> YOUR ASSIGNMENT
Copy nothing but the text: repeat each entry exactly and drop the images.

--- START ---

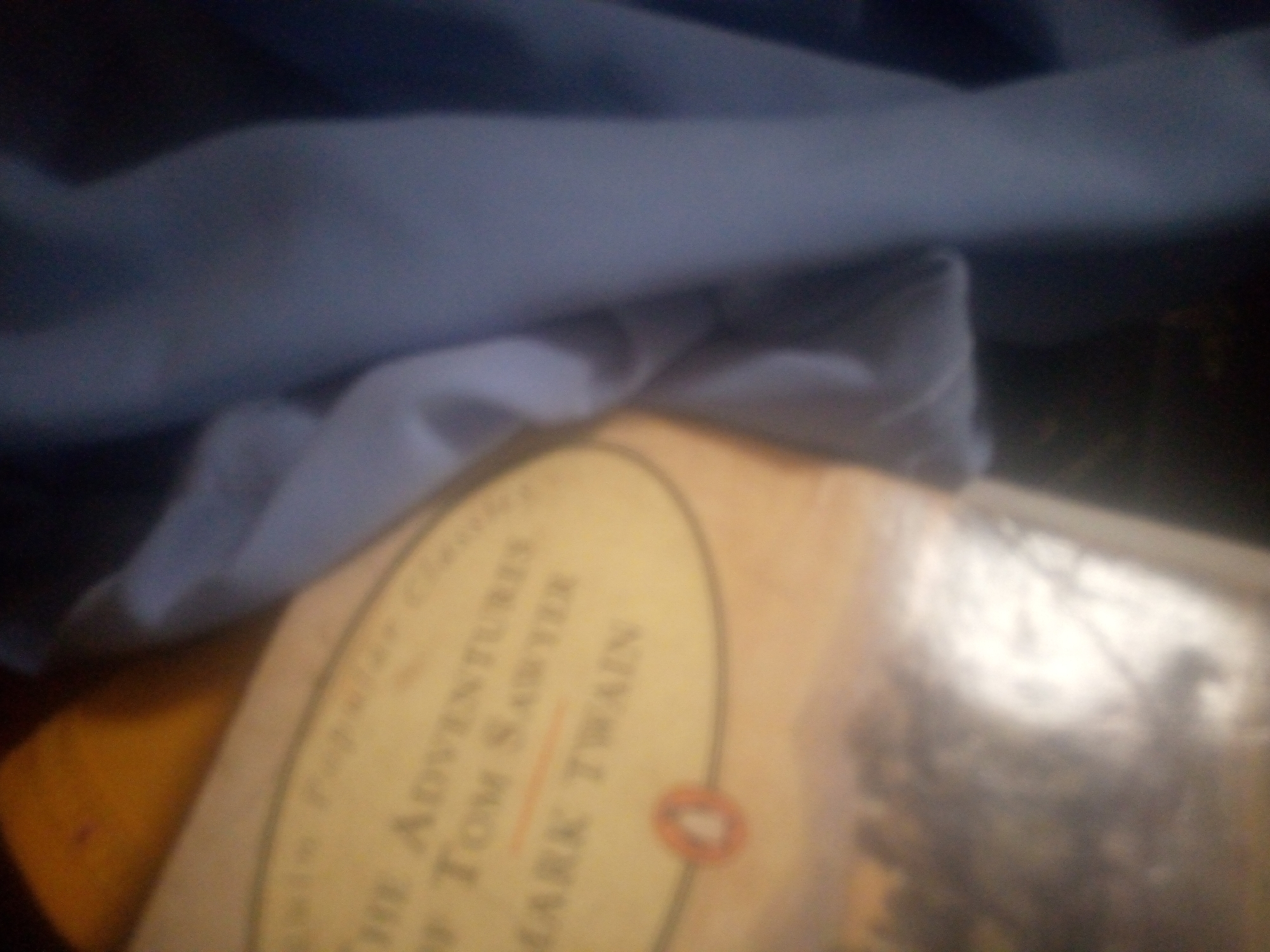 The image is a blurry, overhead shot of a book. The book appears to be an edition of "The Adventures of Tom Sawyer" by Mark Twain. The cover is a light yellow with black text and an oval logo. The book is lying on a blue cloth. The background is dark and out of focus. The image was taken indoors, likely in a home or library. The location is Unknown, Unknown.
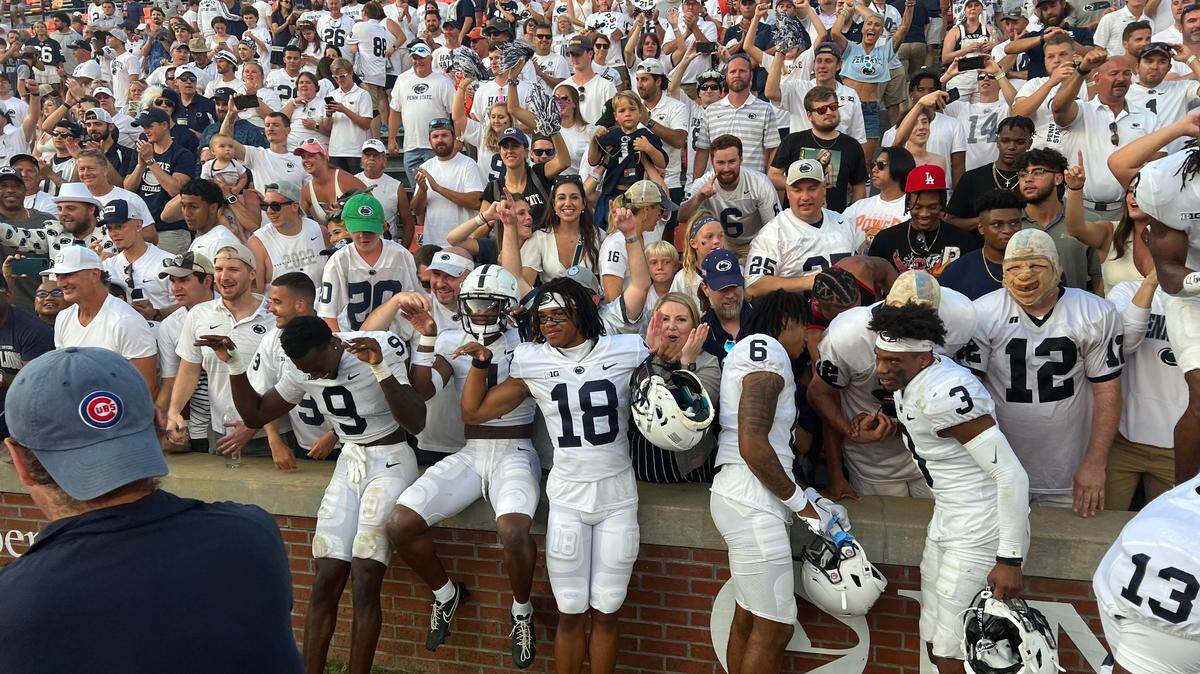 Penn State football players celebrate with fans after defeating the Auburn Tigers at Jordan-Hare Stadium in 2022.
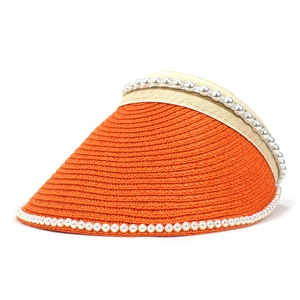 Detail of orange straw sun visor with pearl embellishments and gold silk ribbon
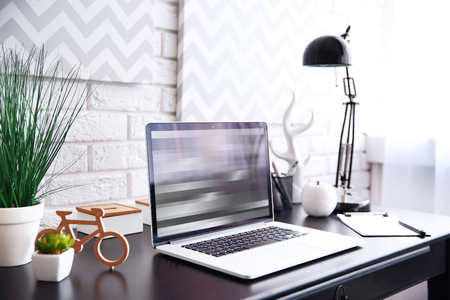 Workplace with laptop on table at homeの写真素材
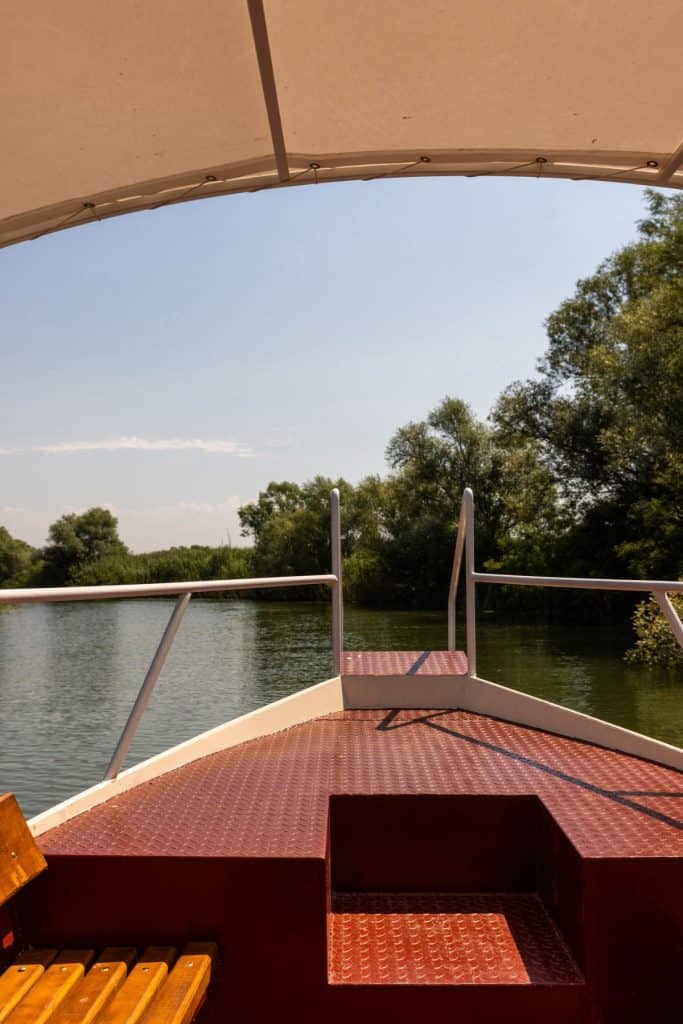 View from a boat's shaded deck looking out toward a calm river surrounded by lush green trees under a clear blue sky. The red metal floor and railing of the boat are visible in the foreground.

--- END ---

> RESULT BELOW
 The image is a blurry, overhead shot of a book. The book appears to be an edition of "The Adventures of Tom Sawyer" by Mark Twain. The cover is a light yellow with black text and an oval logo. The book is lying on a blue cloth. The background is dark and out of focus. The image was taken indoors, likely in a home or library. The location is Unknown, Unknown.
 Penn State football players celebrate with fans after defeating the Auburn Tigers at Jordan-Hare Stadium in 2022.
 Detail of orange straw sun visor with pearl embellishments and gold silk ribbon
 Workplace with laptop on table at homeの写真素材
 View from a boat's shaded deck looking out toward a calm river surrounded by lush green trees under a clear blue sky. The red metal floor and railing of the boat are visible in the foreground.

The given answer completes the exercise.